───── Data below ─────

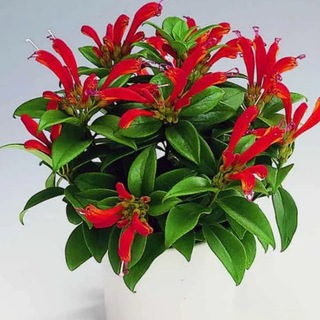 Цветоводка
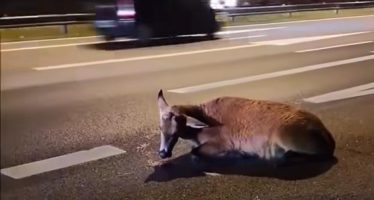 Hallan un ciervo herido en la Ruta 9 y se reaviva el pedido de precaución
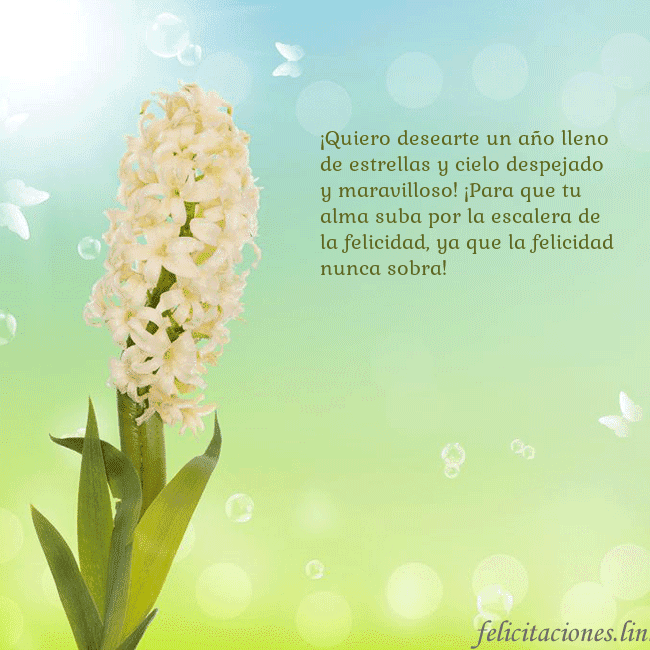 Tarjeta con jacinto ¡Quiero desearte un año lleno de estrellas y cielo Tarjeta con jacinto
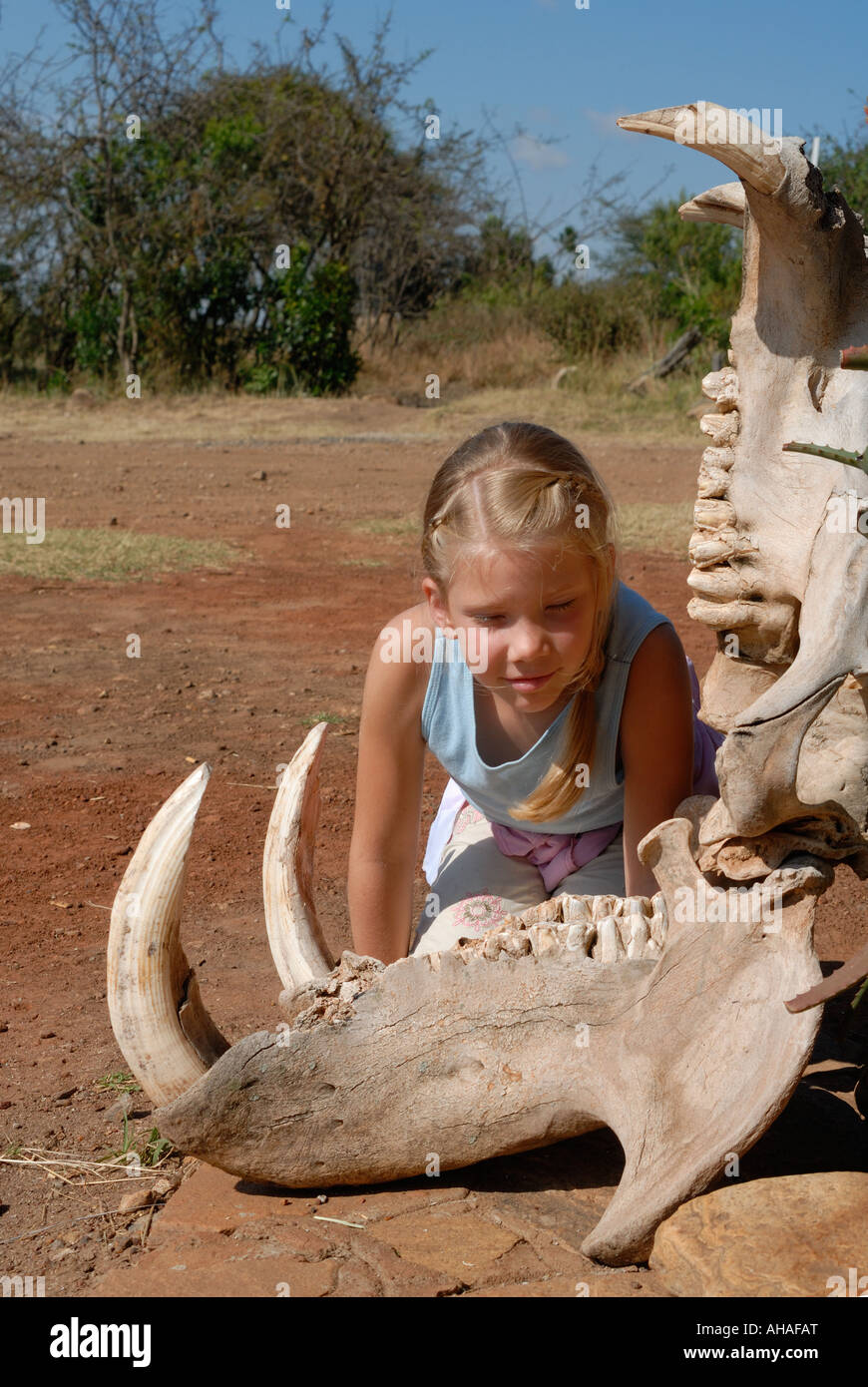 Young white girl looking at the teeth inside the gaping jaw of a hippo skeleton Masai Mara National Reserve Kenya East Africa Stock Photo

─────

## Exercise prompt:
Print all the lines above again exactly, without any pictures.

## Task solution:
 Цветоводка
 Hallan un ciervo herido en la Ruta 9 y se reaviva el pedido de precaución
 Tarjeta con jacinto ¡Quiero desearte un año lleno de estrellas y cielo Tarjeta con jacinto
 Young white girl looking at the teeth inside the gaping jaw of a hippo skeleton Masai Mara National Reserve Kenya East Africa Stock Photo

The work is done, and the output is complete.